We have recently completed a community consultation where we concluded that the LORD God Almighty is directing us to ‘return to our roots’, to continue to pursue the mission and call he has given us with renewed intentionality.  Easy to say, hard to do!  In fact, we are not able to do it.  Looking at our size, our age, our situations, it humanly possible.  We need the ‘zeal of the Lord Almighty to accomplish this’.

We are not the nation of Israel under the leadership of Hezekiah and the threat of Assyria, but I believe Isaiah’s word still speak to us today.  We have gone through a time of ‘eating what grows by itself’ and ‘what springs from that’, living off the Lord’s gracious provision in the past.  As for Judah, there comes a time for action.  Now is a time for stepping out in faith ‘to sow and reap, plant vineyards and eat their fruit’  -- acting in faith to plant/invest what we have been given and look to the Lord to cause it to bear fruit. 
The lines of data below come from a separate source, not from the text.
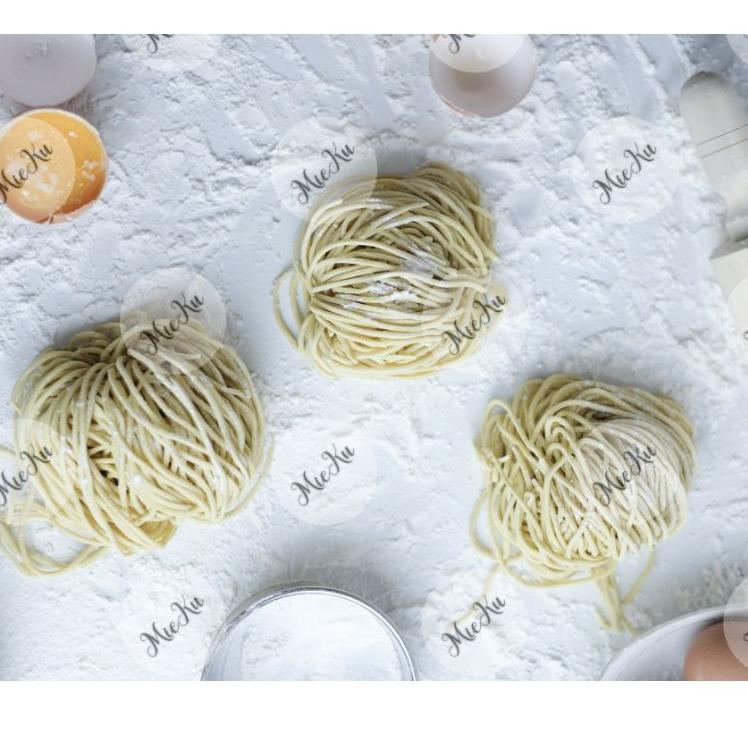 

Jangan Sampai Kehabisan!!!❄️ TERMURAH!!PRODUK BARU (MIE EKONOMIS) MIE AYAM/MIE PANGSIT/MIE SETAN EKONOMIS (10 PORSI)/MIE TELUR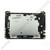 OEM Reclaimed Asus Chromebook Flip C100P Bottom Housing [D-Side] - Silver [3C0Q2BCJN00]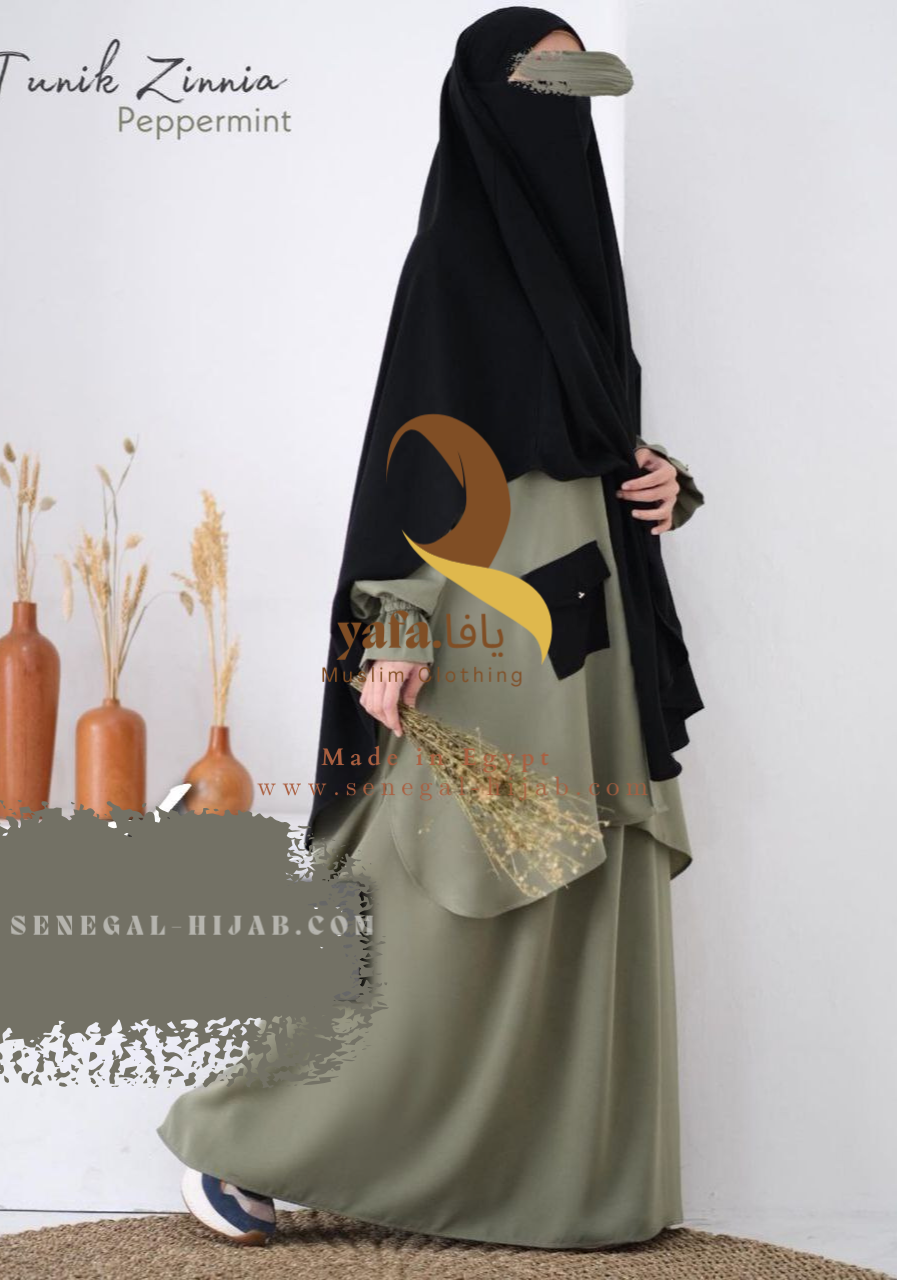 FATIMEH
Isaiah describes this process as ‘take root below’ -- sink our roots into the Lord, the giver of life --, and to bear fruit above – be channels of his life going forth to others.  This the promise that Jesus speaks of in John 7:37-38

On the last and greatest day of the Feast, Jesus stood and said in a loud voice, “If anyone is thirsty, let him come to me and drink. Whoever believes in me, as the Scripture has said, streams of living water will flow from within him.”

As we ‘return to our roots’, the Lord is calling us to let those roots drink thirstily from his water of life so that streams of his living water can flow from us bearing fruit for others.